>>

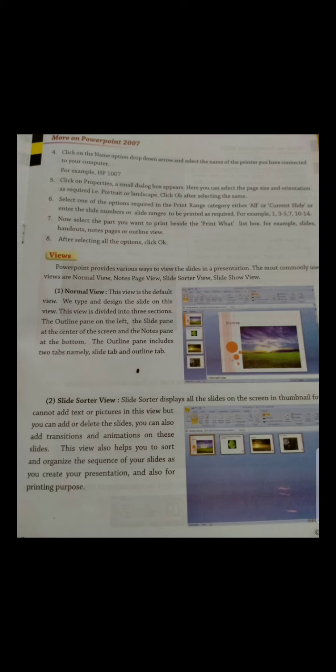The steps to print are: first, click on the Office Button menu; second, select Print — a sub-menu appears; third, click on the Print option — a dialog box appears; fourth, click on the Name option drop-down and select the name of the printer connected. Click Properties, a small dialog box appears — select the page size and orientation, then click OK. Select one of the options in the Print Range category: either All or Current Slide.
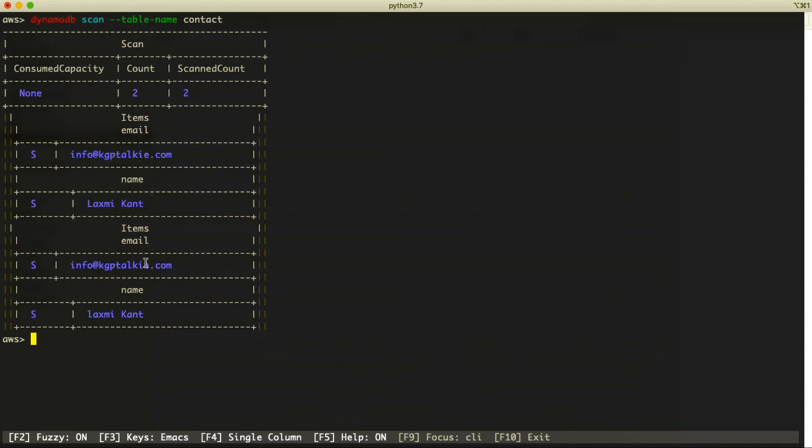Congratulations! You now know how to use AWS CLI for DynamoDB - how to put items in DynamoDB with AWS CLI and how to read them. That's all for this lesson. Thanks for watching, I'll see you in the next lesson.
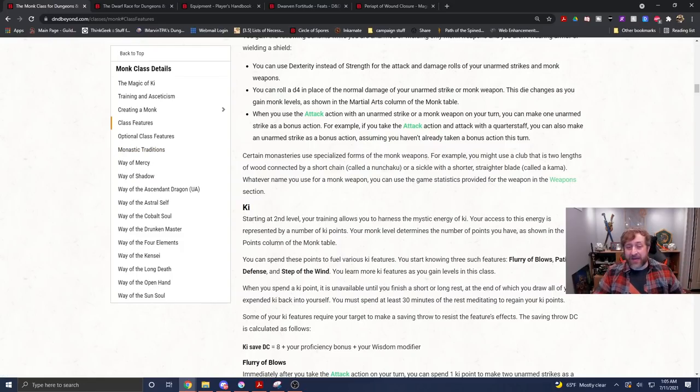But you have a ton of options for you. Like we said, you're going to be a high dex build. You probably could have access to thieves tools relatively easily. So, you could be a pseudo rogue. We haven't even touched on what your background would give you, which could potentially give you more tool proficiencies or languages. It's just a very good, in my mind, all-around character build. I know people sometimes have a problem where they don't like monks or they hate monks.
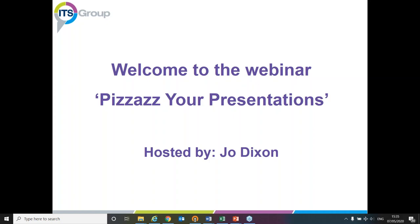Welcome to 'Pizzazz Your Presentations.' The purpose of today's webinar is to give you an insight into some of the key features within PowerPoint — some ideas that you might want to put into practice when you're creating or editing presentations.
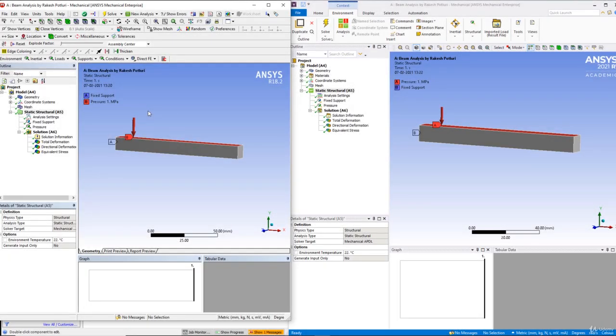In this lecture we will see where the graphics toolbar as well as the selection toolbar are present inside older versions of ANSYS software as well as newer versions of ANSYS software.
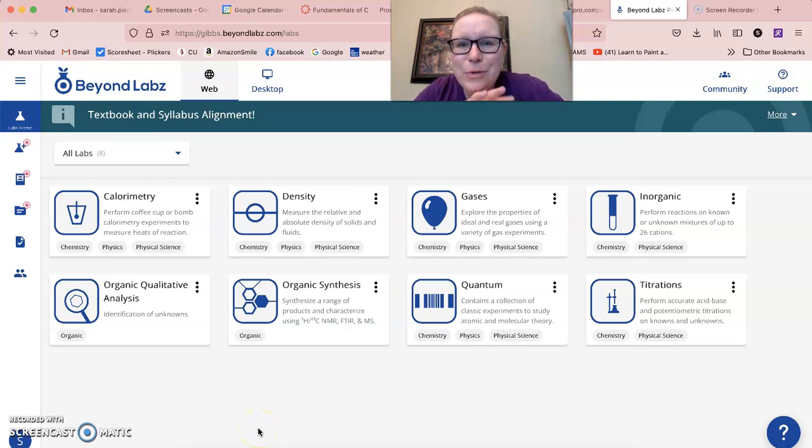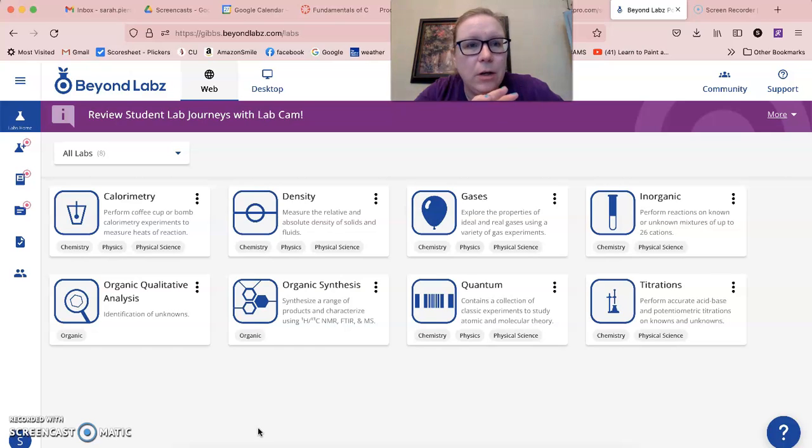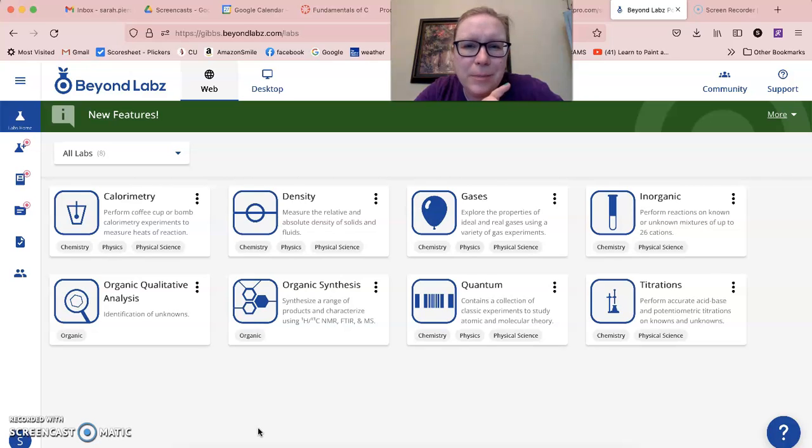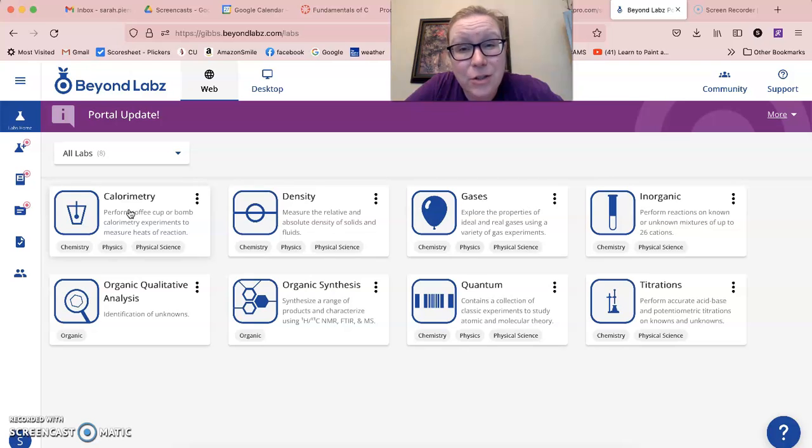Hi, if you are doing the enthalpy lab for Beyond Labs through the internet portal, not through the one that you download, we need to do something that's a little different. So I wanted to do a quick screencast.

<<

▶ [Brief]
The lines to copy begin at the one containing "In this lecture" and end at the last line of the records. Set down exactly those lines and no others, both ends included, and omit all pictures.

▶ [Solution for this problem]
In this lecture we will see where the graphics toolbar as well as the selection toolbar are present inside older versions of ANSYS software as well as newer versions of ANSYS software.
Hi, if you are doing the enthalpy lab for Beyond Labs through the internet portal, not through the one that you download, we need to do something that's a little different. So I wanted to do a quick screencast.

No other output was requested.